→ PROBLEM REQUIREMENTS
Copy exactly, and copy nothing else: the line that contains "13600 Marina Pointe" and all lines after it in the listing, without pictures.

→ DATA FOR REVIEW

=== Section Start ===

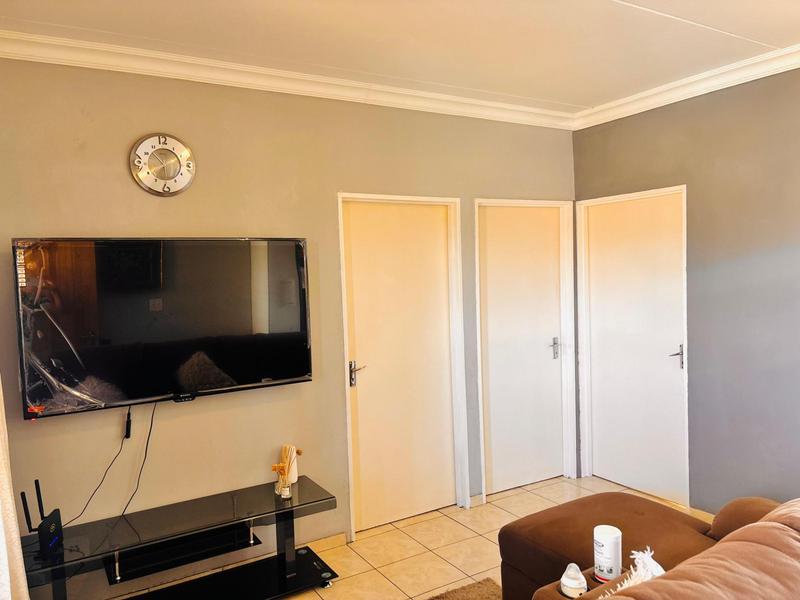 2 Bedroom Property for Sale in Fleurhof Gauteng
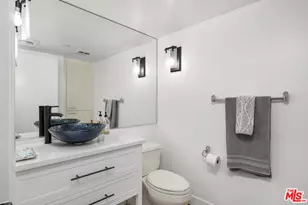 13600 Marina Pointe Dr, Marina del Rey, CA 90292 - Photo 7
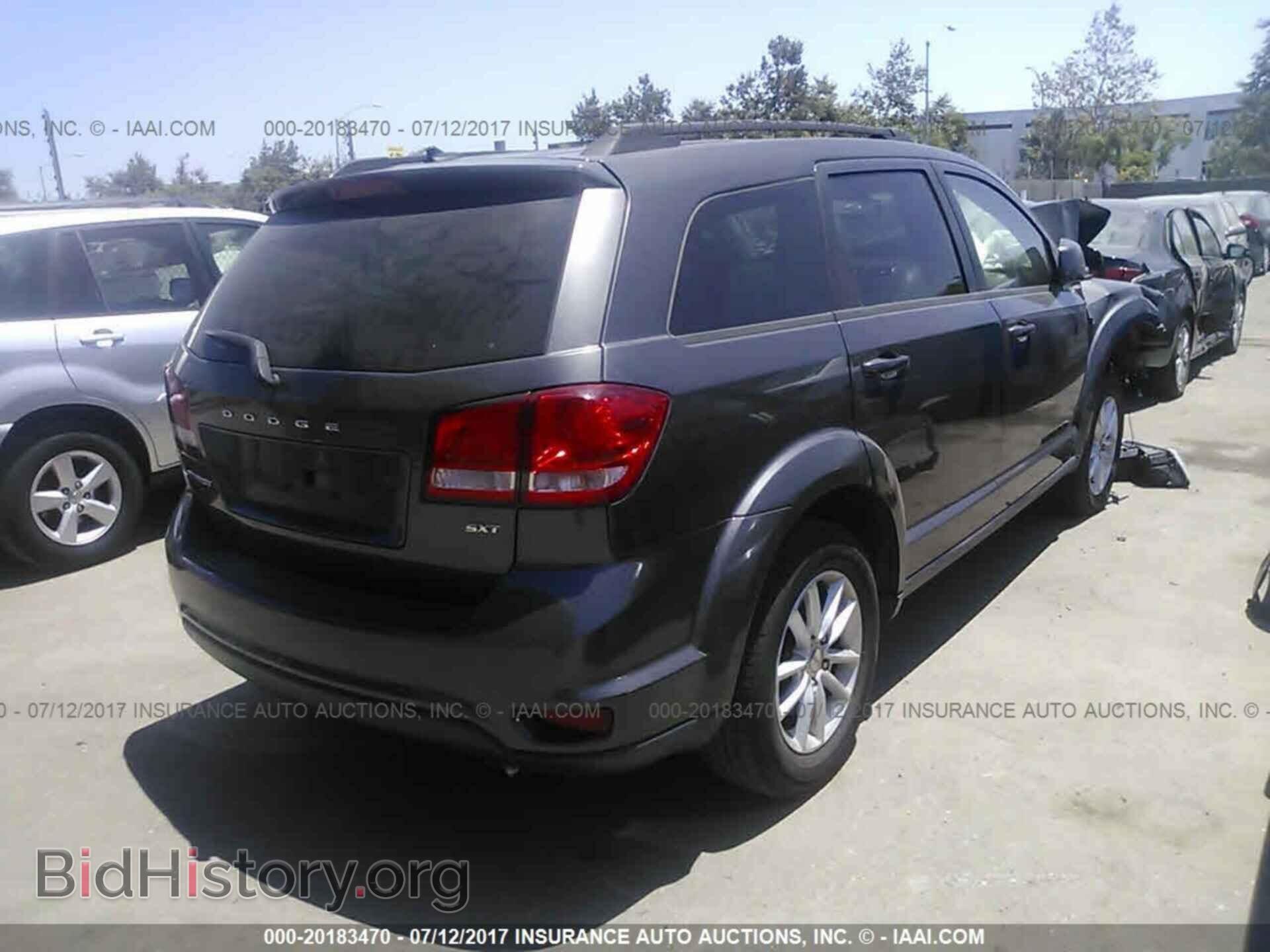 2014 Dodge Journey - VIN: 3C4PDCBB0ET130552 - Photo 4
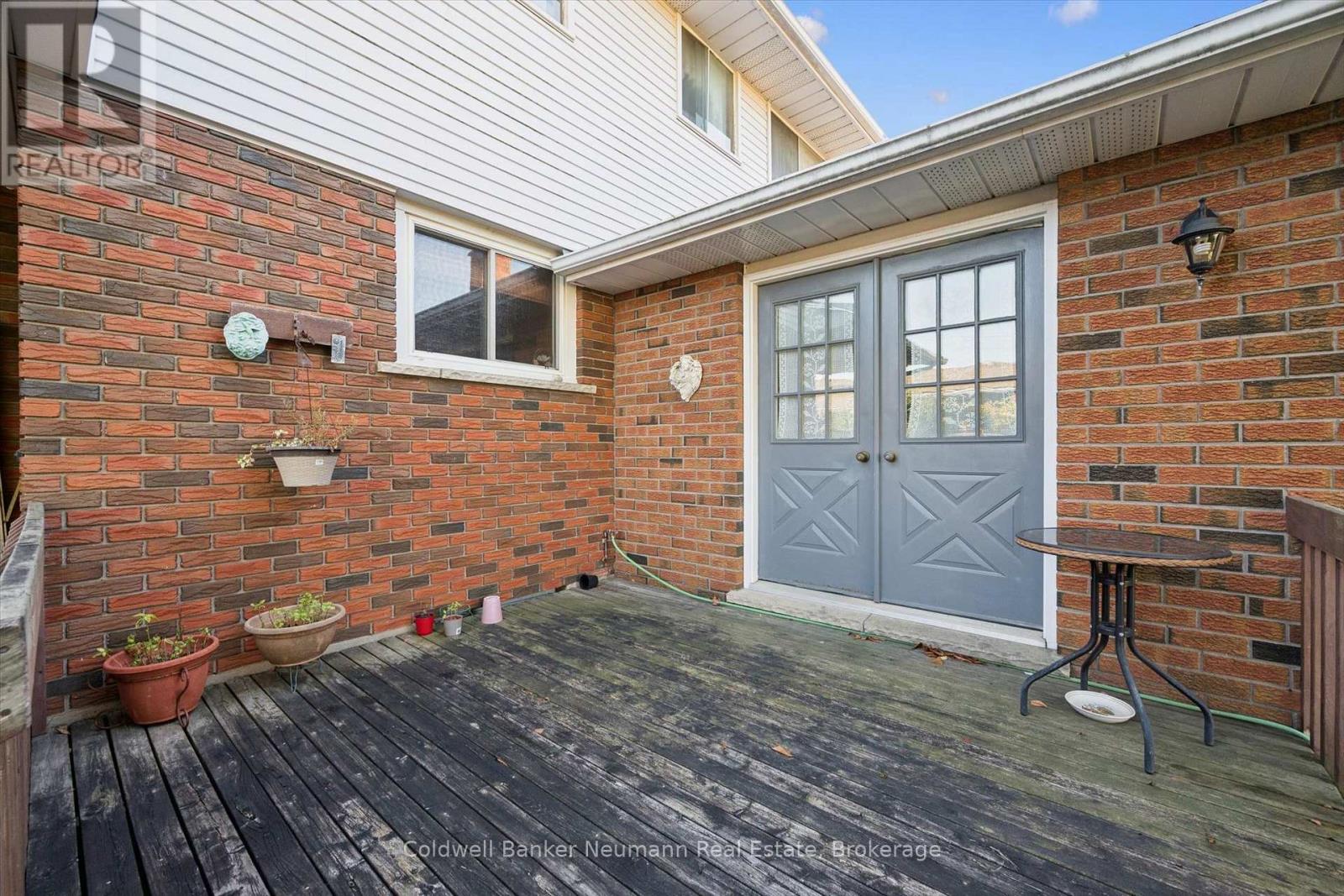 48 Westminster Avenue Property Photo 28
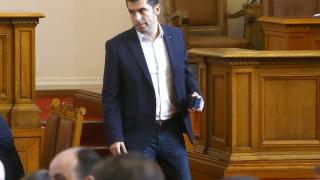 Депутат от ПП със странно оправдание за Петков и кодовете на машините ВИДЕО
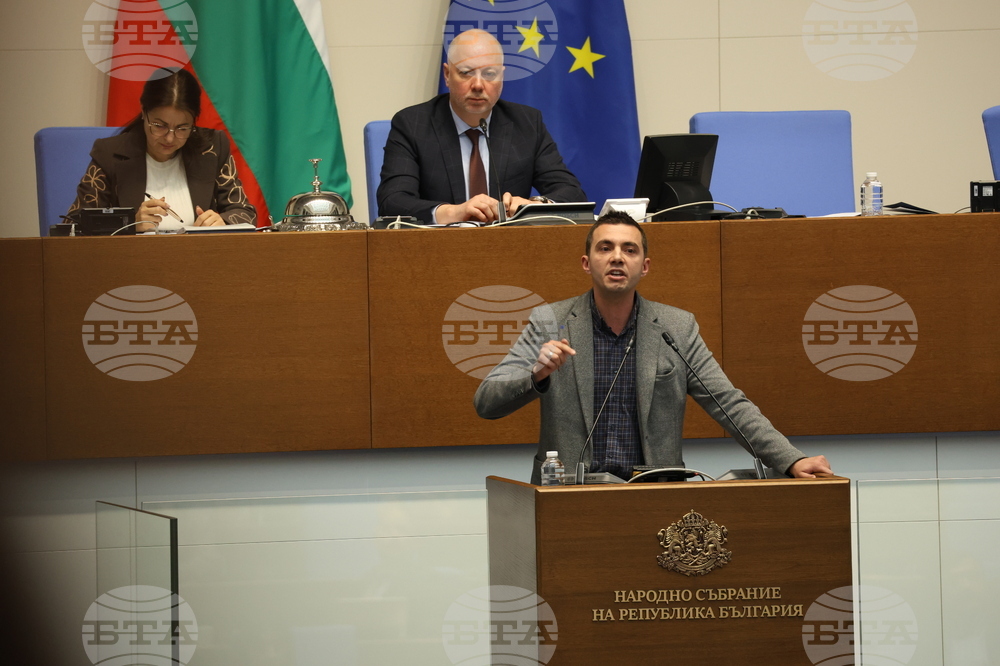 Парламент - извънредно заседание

=== Section End ===

→ TASK RESPONSE
 13600 Marina Pointe Dr, Marina del Rey, CA 90292 - Photo 7
 2014 Dodge Journey - VIN: 3C4PDCBB0ET130552 - Photo 4
 48 Westminster Avenue Property Photo 28
 Депутат от ПП със странно оправдание за Петков и кодовете на машините ВИДЕО
 Парламент - извънредно заседание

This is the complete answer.